Your instructions » In the entries that follow, repeat exactly the lines from the one that has "Then going in with my" through the one that has "So, what are", but omit pictures.

Data for this exercise »
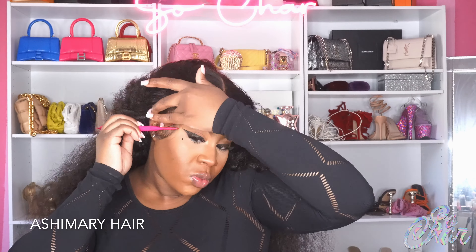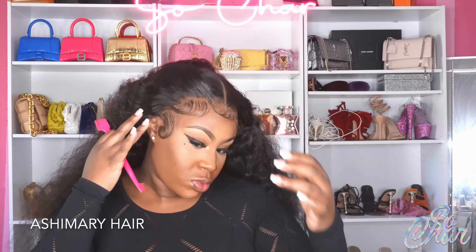Now that I've got my baby hairs to my liking, I'm going ahead and doing my sideburns. I'm curling each sideburn with a curling iron — I only curl the sideburns, not the other baby hairs. I'm brushing that into place and then going in with the curling iron to give it an extra bump, because I like my baby hair to go into a swirl rotation, so I have to use the curling iron for that.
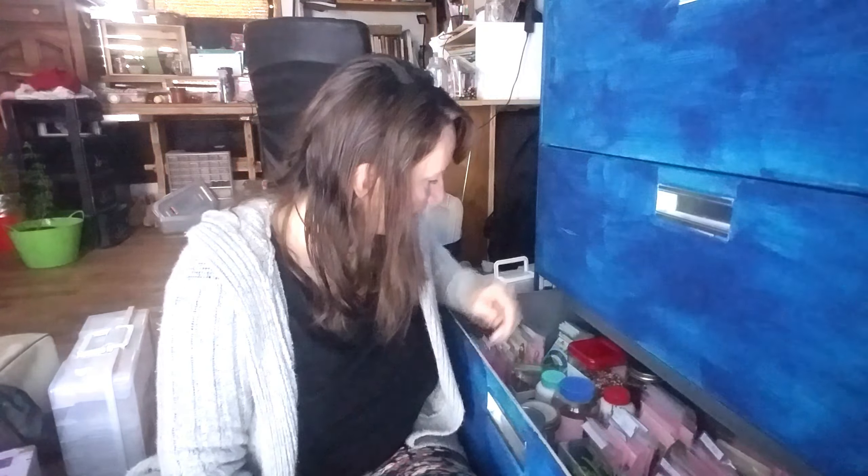Now we have all of our leafy spring greens in this container here, and they're alphabetized. So anybody can come in and easily find what they need — like mustard greens, there we go. And here's the other thing I really like: there's enough space in here.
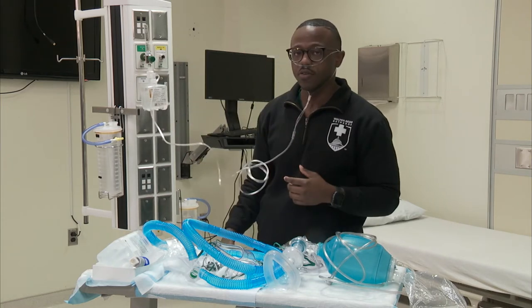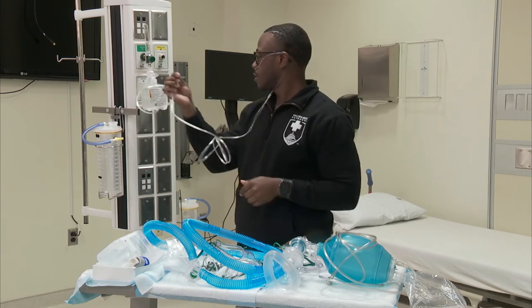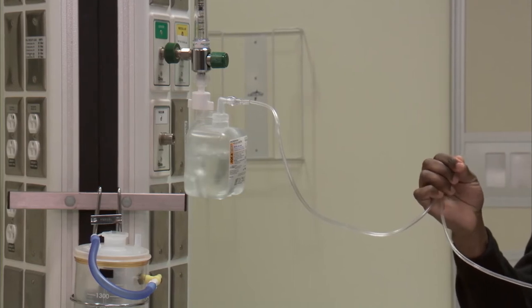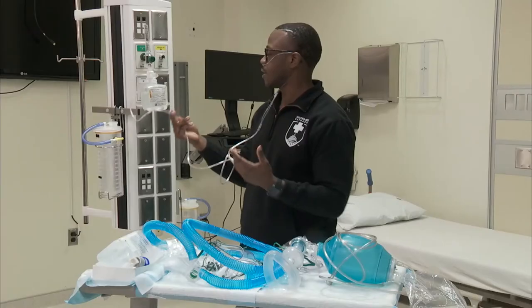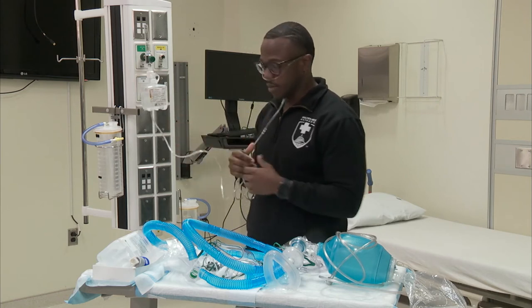If it's bubbling, you know it's working. A safety measure: if there's a kink in the system, you can see the bubbles kind of going down a little bit. Once the kink is cleared, it's flowing a little bit more. And that's your nasal cannula.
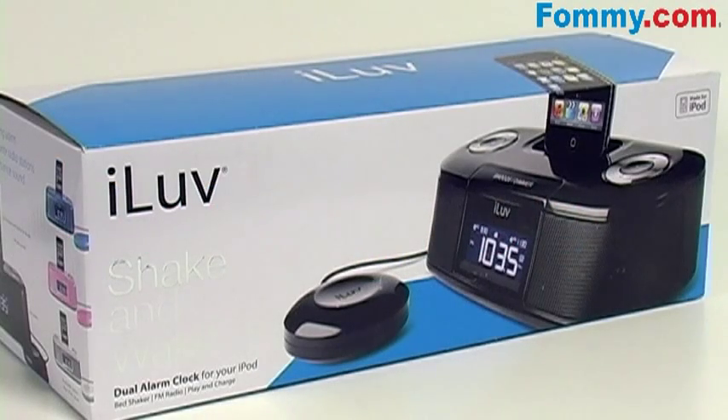This is Foamy.com. Thanks for tuning in. And now you can shake yourself awake with iLove's Shake and Wake Dual Alarm Clock for your Apple iPod.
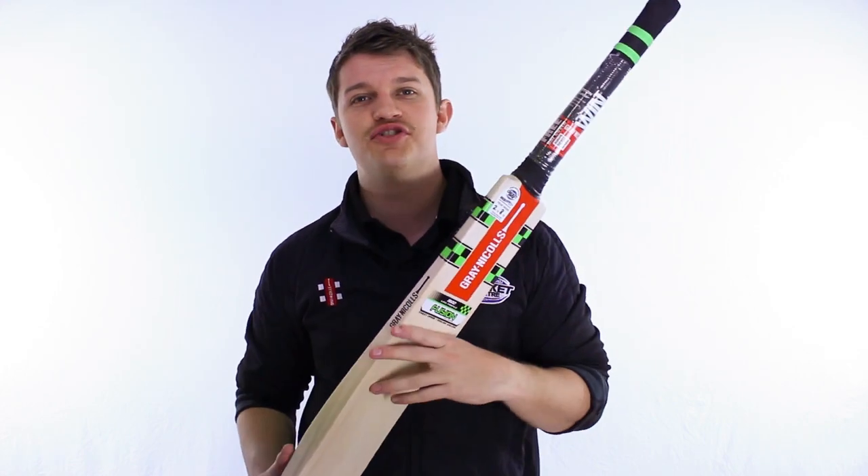G'day guys, it's Fraser here from the Greg Chapel Cricket Centre. This season we are welcoming back one of our favourite bats from the Grey Nickels range from a few seasons ago, endorsed by old Matty Hayden who we all love — it's the Fusion.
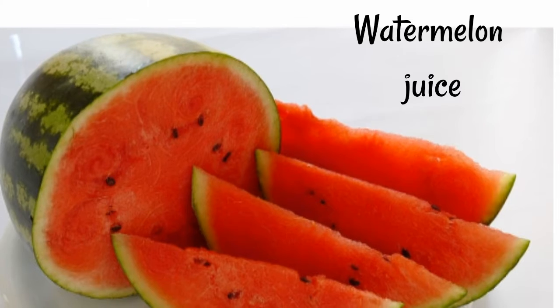In the summer time, we will get some juice.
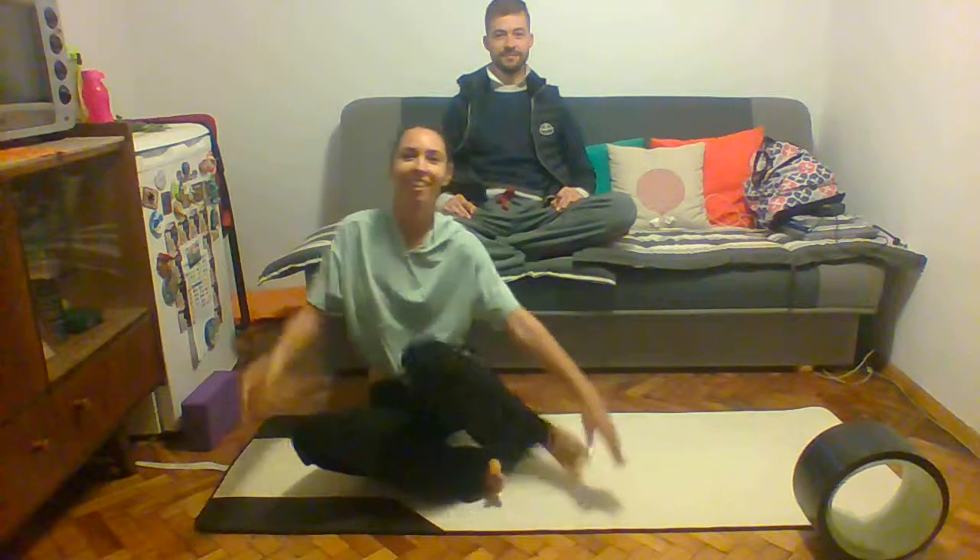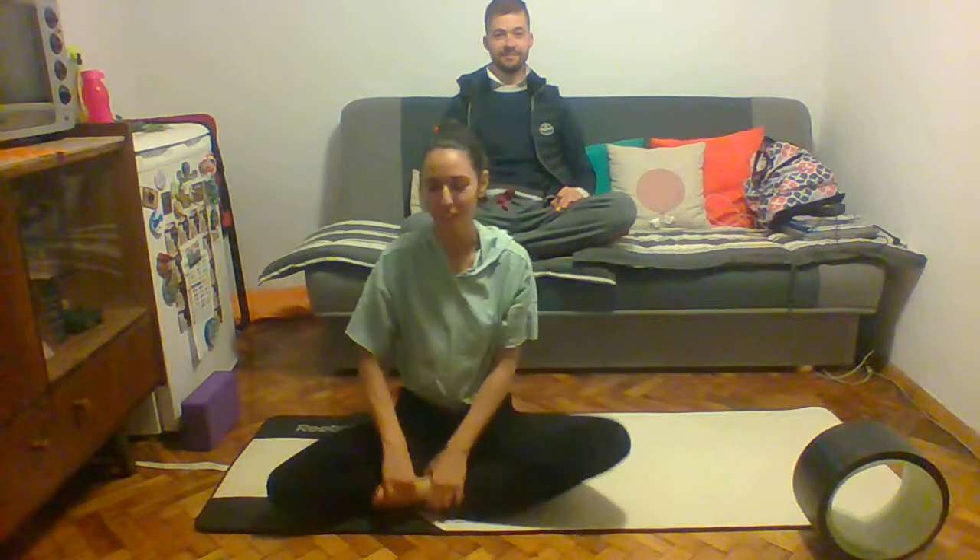Hi everyone! We decided to make a very quick short video where we are going to show you how to relax the spine, especially the bottom part of it. This is a video especially for Susanna — she requested something for her back. So let's get started. It will be something quick you can do at home anytime, even when you have just 5 minutes to chill and unwind and take care of your spine.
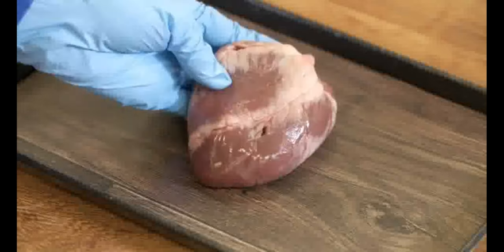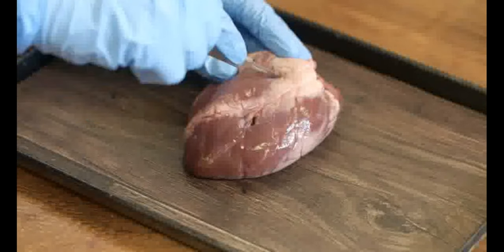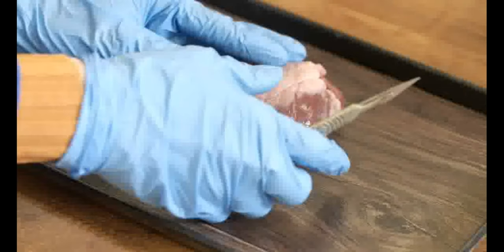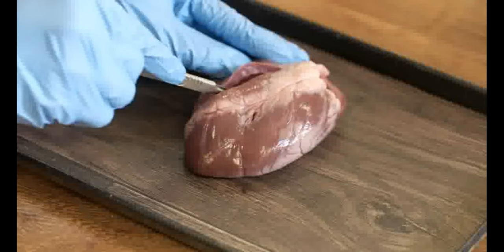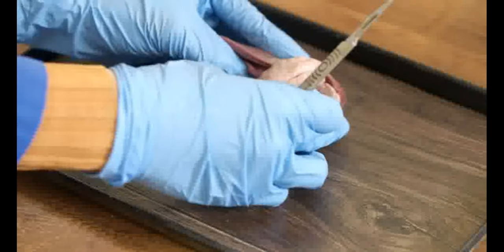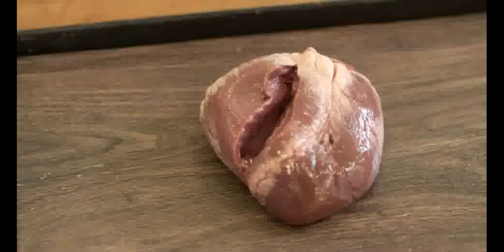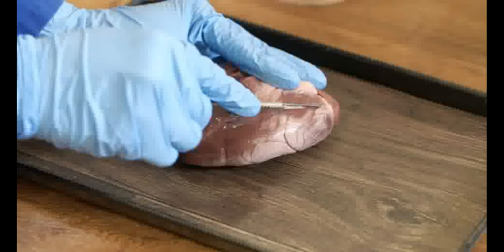Now let's look inside the heart. The muscular wall of the heart is cut from top to bottom, about 2.5cm to the left of the coronary artery. The heart is held open along the cut so that cutting can continue from the inside. The same is done for the other side, about 2.5cm to the right of the coronary artery.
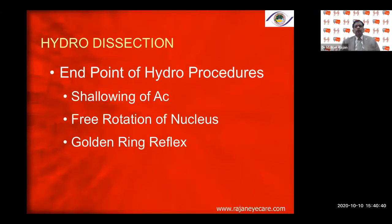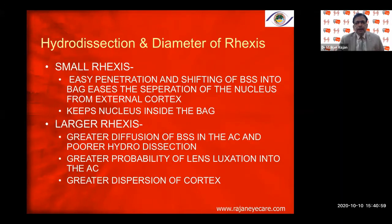The endpoint of hydroprocedures in very dense cataracts: shallowing of the anterior chamber, golden ring in hydrodelineation, free rotation of the nucleus, and forward movement of the nucleus. A smaller rhexis allows easier penetration of BSS and better separation of the nucleus from the external cortex, keeping the nucleus inside the bag. A larger rhexis means greater BSS diffusion in the AC and poorer hydrodissection, with greater probability of lens subluxation.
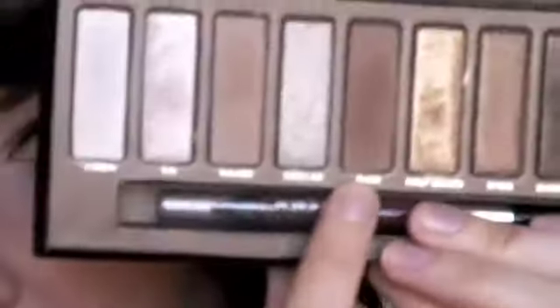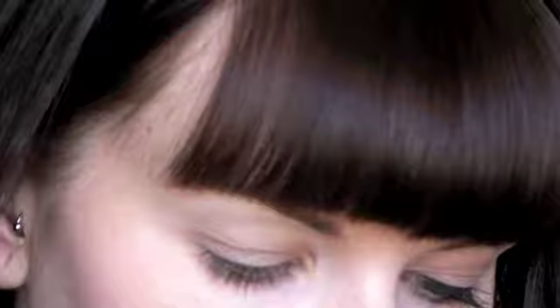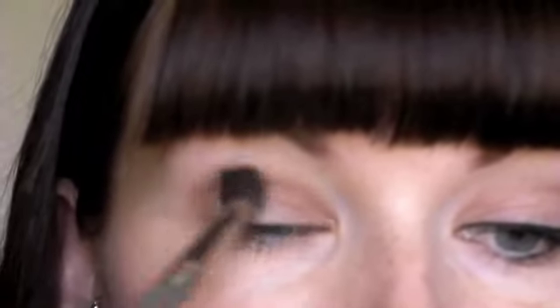Then going in with my crease brush, which is a fluffy crease brush — this one is from Sephora — I'm going to be picking up the shade Buck, which is the fifth one over from the left, and it's the darkest matte shade that's in the palette. I'm going to be taking some of that with my brush and just adding it into the crease, just to give it a little bit of depth. We don't want too much of that color, just enough to give it some depth into the crease.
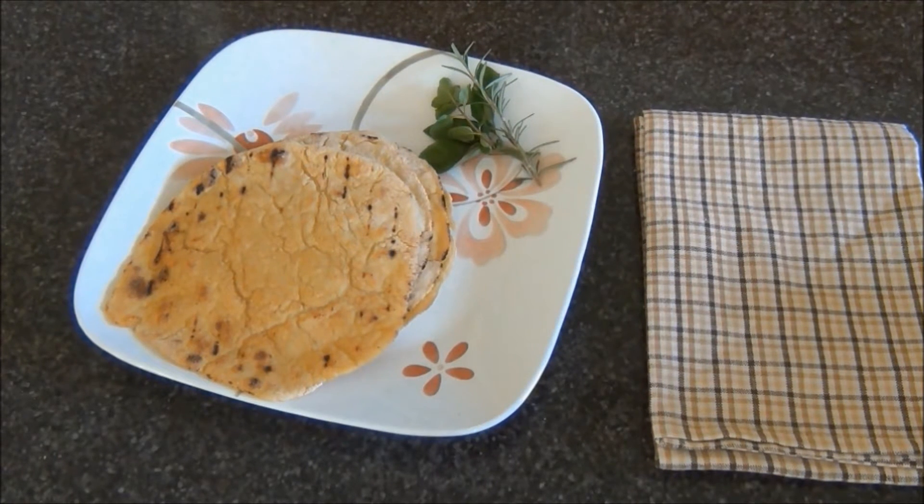Once in a while I take a break from making whole wheat rotis to making millet rotis or bajra roti. These rotis make a delicious change to a regular menu. Let me show you how I made these.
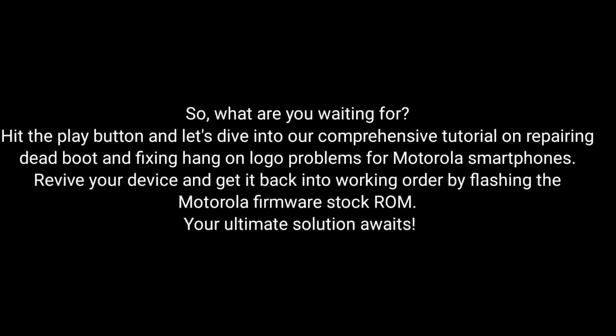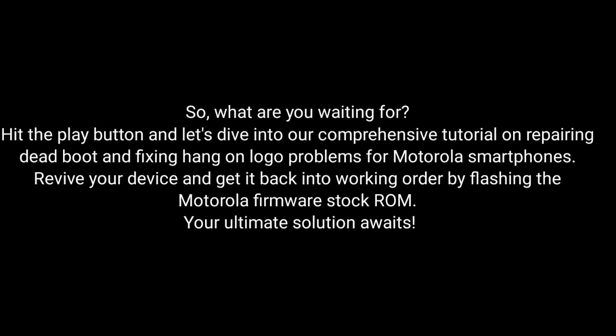So, what are you waiting for? Hit the play button and dive into our comprehensive tutorial on repairing dead boot and fixing hang-on logo problems for Motorola smartphones. Revive your device and get it back into working order by flashing the Motorola firmware stock ROM. The ultimate solution awaits!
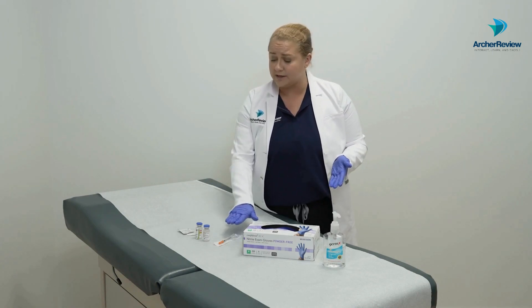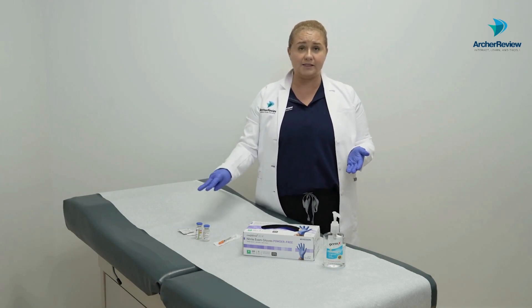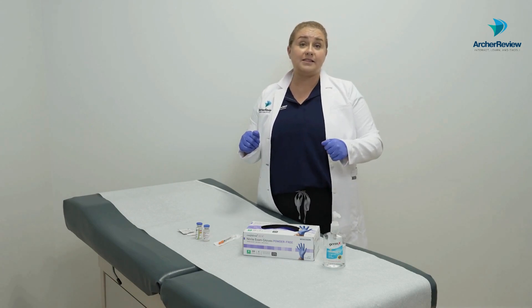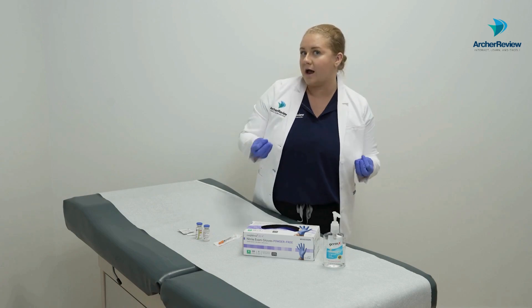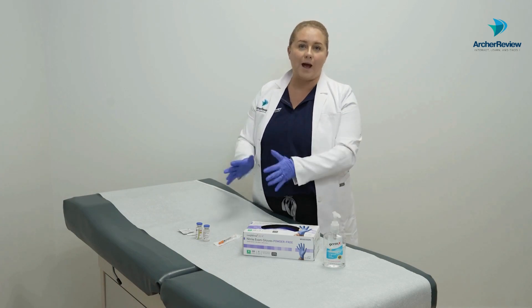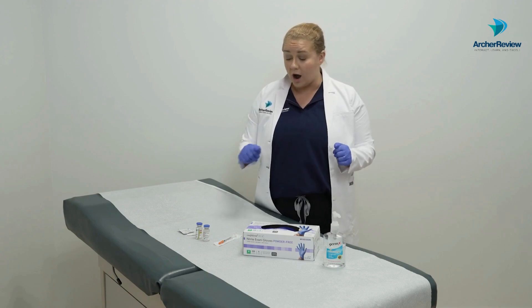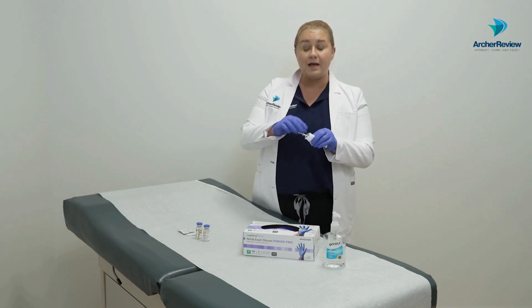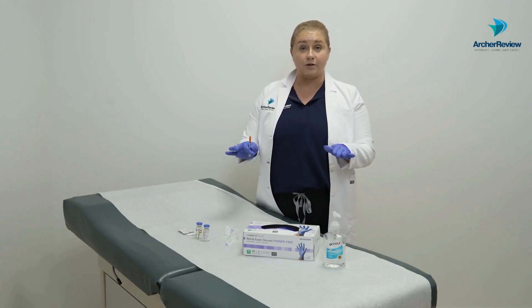Once we've got our clean gloves on, we'll check that we have all our supplies: our insulin syringe, both vials of insulin, and two alcohol prep pads. As I've looked at my orders, I have to administer two units of NPH and five units of my rapid-acting insulin aspart. We're going to start by taking our insulin syringe and injecting the appropriate amount of air into each vial.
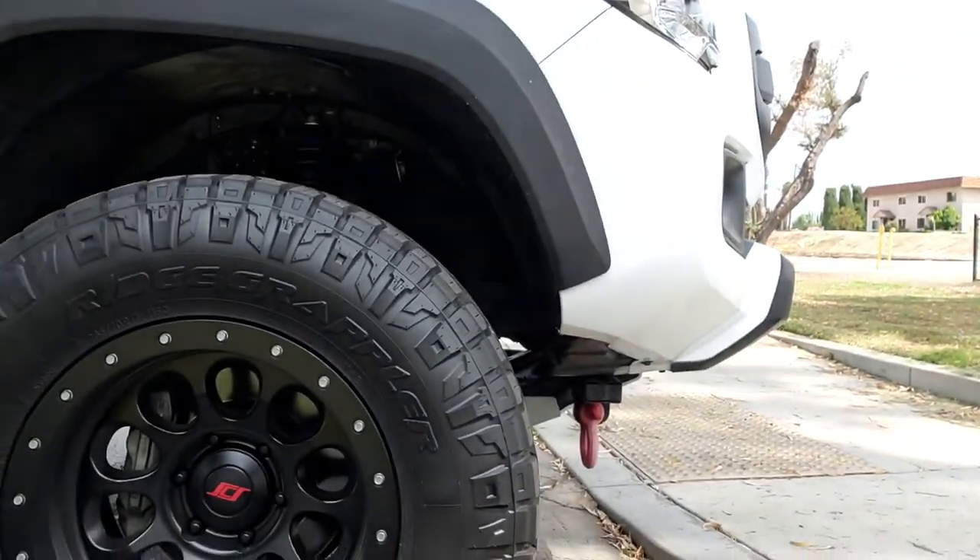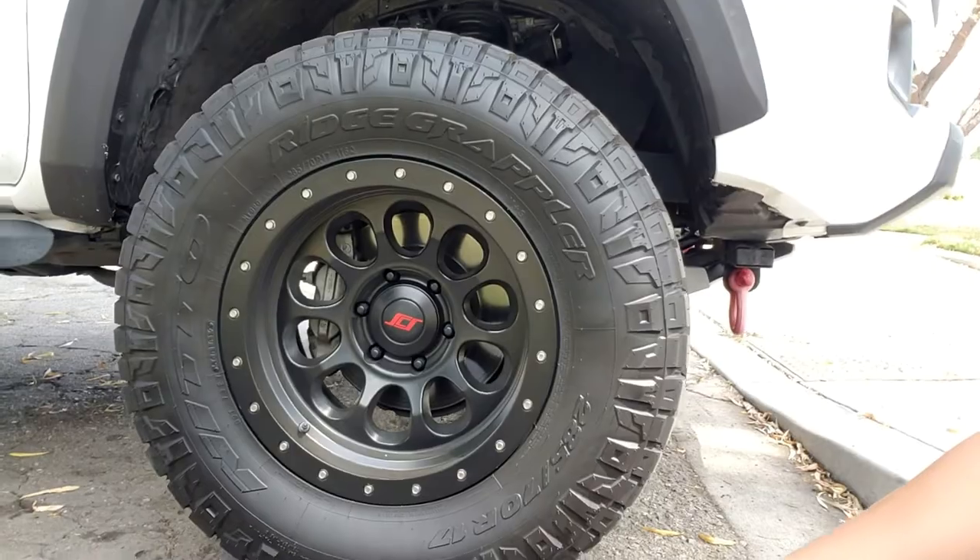What's going on guys? It's me Vince with another video, and today I'm going to be talking to you guys about my new set of tires. These are actually the Nitto Ridge Grapplers. They come in a size of 285x70x17, which is pretty much the same size as the ones I used to have, which are the KO2s.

Answer below »
Then going in with my crease brush, which is a fluffy crease brush — this one is from Sephora — I'm going to be picking up the shade Buck, which is the fifth one over from the left, and it's the darkest matte shade that's in the palette. I'm going to be taking some of that with my brush and just adding it into the crease, just to give it a little bit of depth. We don't want too much of that color, just enough to give it some depth into the crease.
Once in a while I take a break from making whole wheat rotis to making millet rotis or bajra roti. These rotis make a delicious change to a regular menu. Let me show you how I made these.
So, what are you waiting for? Hit the play button and dive into our comprehensive tutorial on repairing dead boot and fixing hang-on logo problems for Motorola smartphones. Revive your device and get it back into working order by flashing the Motorola firmware stock ROM. The ultimate solution awaits!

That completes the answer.